- **WHAT THE TASK REQUIRES**
Word for word, repeat the records, leaving every picture behind.

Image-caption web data
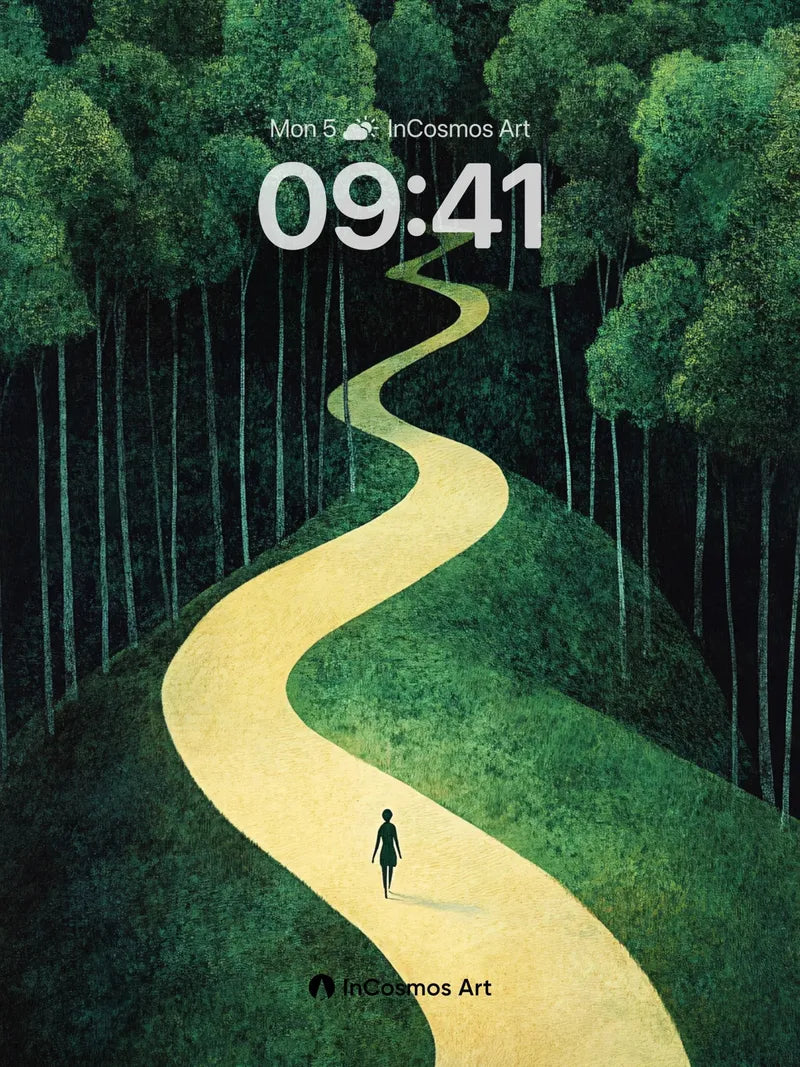 Whispering Path Wallpaper with Golden Trail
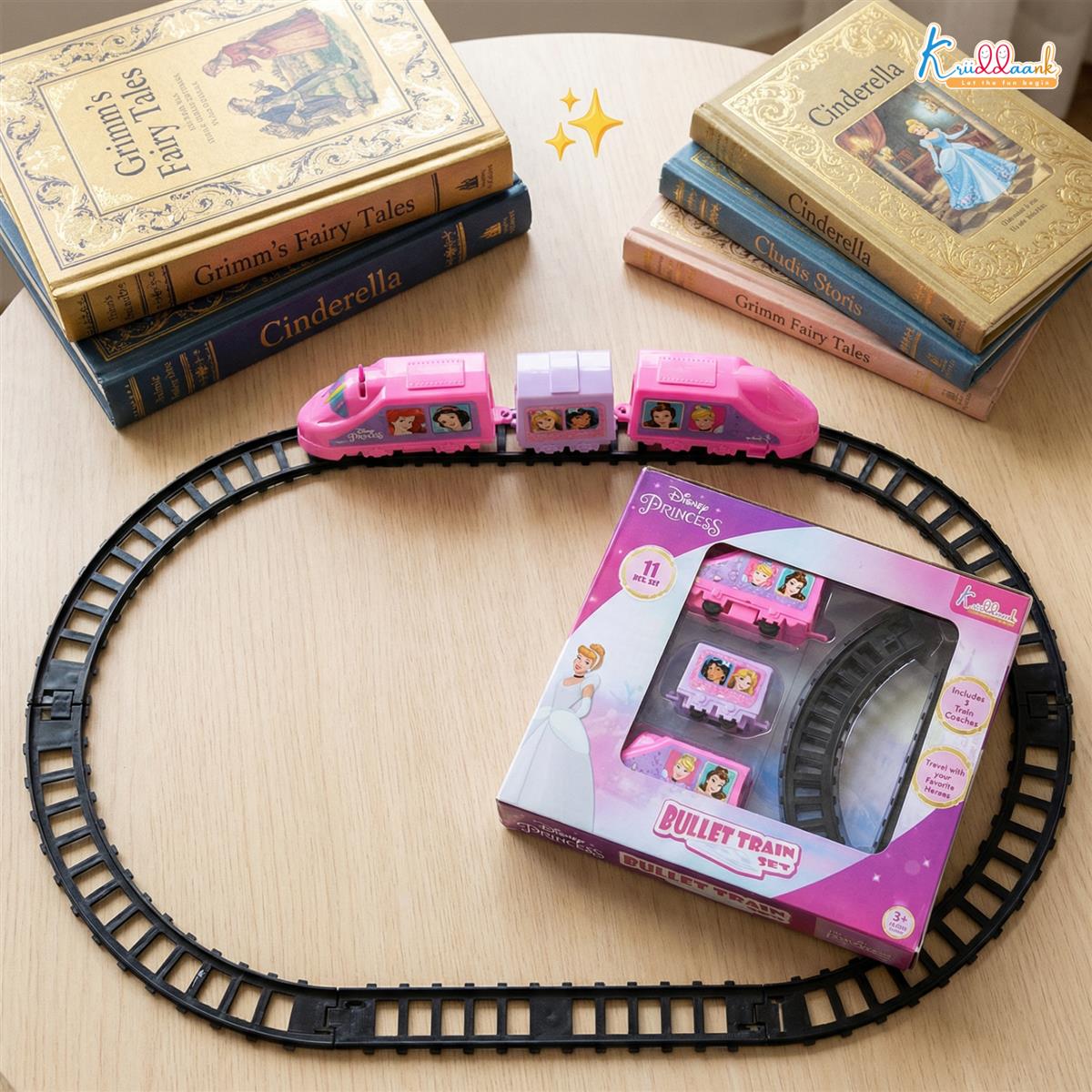 Kriiddaank Disney Princess Train Set for Girls- 11 Piece Pink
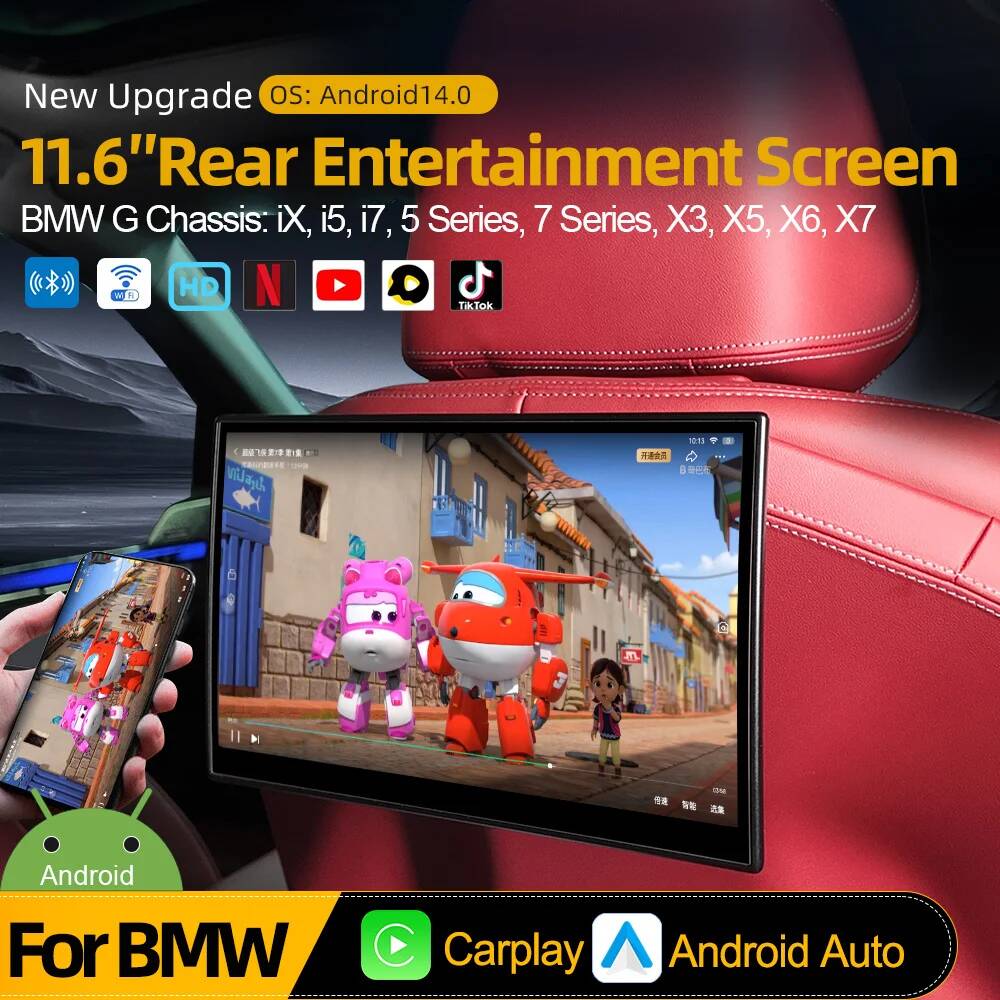 Android 14 Layar Lengkung Untu - Car Multimedia Rear Seat Entertainment ulasan dan harga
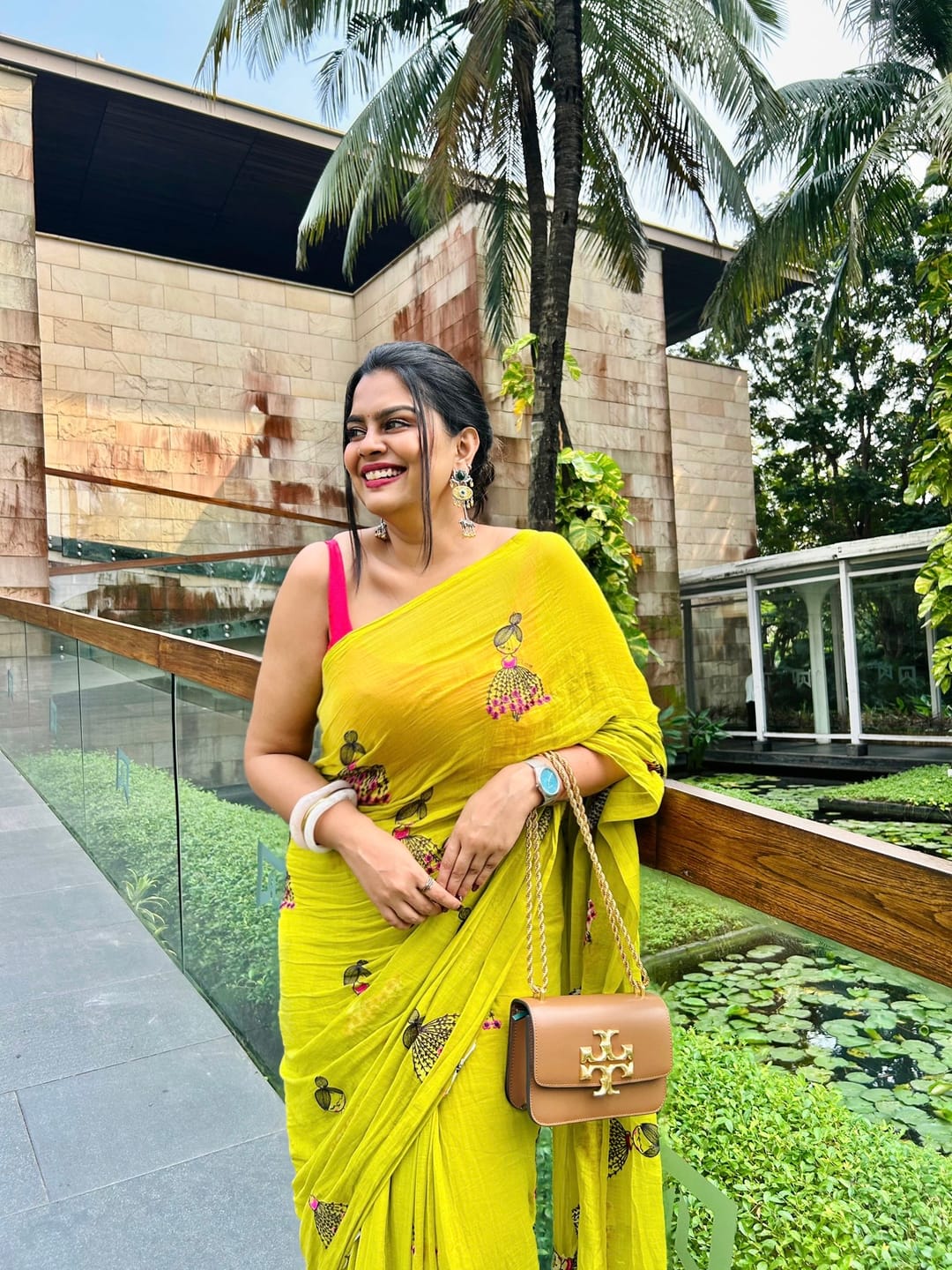 Customer photo review of Green Embroidery Mulmul Cotton Saree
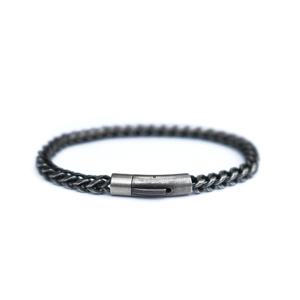 PULSERA TITAN – ACERO TRENZADO NEGRO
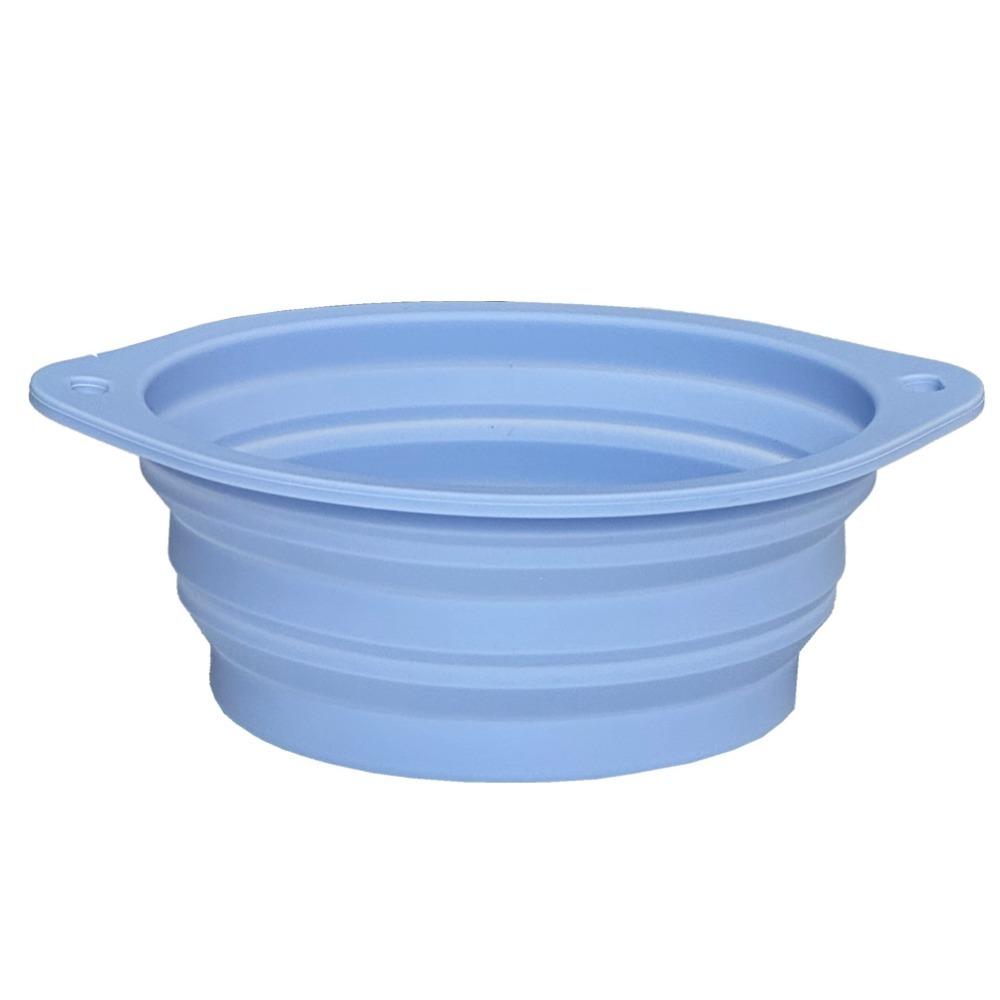 Large Capacity Foldable Silicone Bowl Double Ear Buckle Leak Proof Collapsible Dog Bowl Macaron Color Anti-slip синий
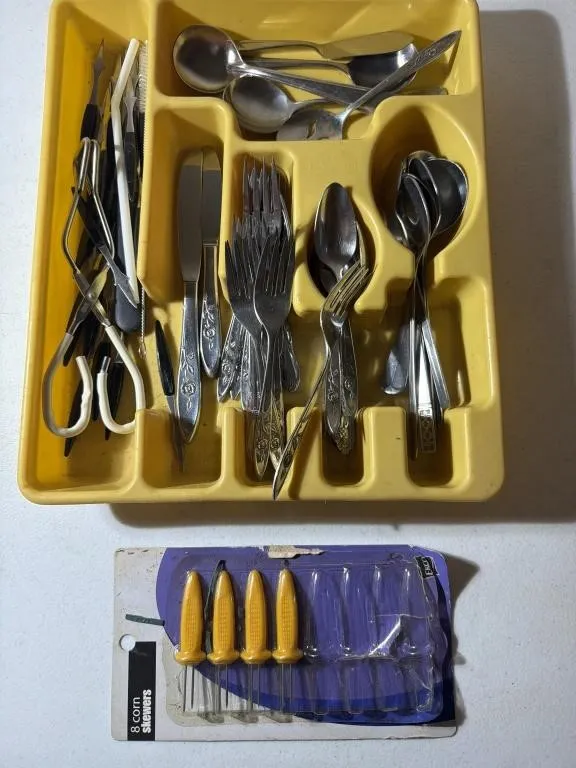 Flatware- Silverware, Tongs, Corn Skewers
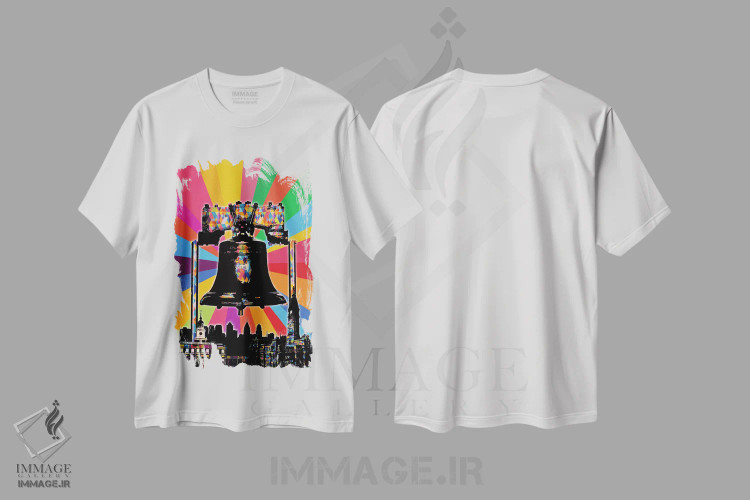 تیشرت سفید طرح دار پاپ سایکدلیک فیلادلفیا، هنر دیجیتال اثر فایو بای فایو کالکتیو | فروشگاه ایماژ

- **REPLY**
 Whispering Path Wallpaper with Golden Trail
 Kriiddaank Disney Princess Train Set for Girls- 11 Piece Pink
 Android 14 Layar Lengkung Untu - Car Multimedia Rear Seat Entertainment ulasan dan harga
 Customer photo review of Green Embroidery Mulmul Cotton Saree
 PULSERA TITAN – ACERO TRENZADO NEGRO
 Large Capacity Foldable Silicone Bowl Double Ear Buckle Leak Proof Collapsible Dog Bowl Macaron Color Anti-slip синий
 Flatware- Silverware, Tongs, Corn Skewers
 تیشرت سفید طرح دار پاپ سایکدلیک فیلادلفیا، هنر دیجیتال اثر فایو بای فایو کالکتیو | فروشگاه ایماژ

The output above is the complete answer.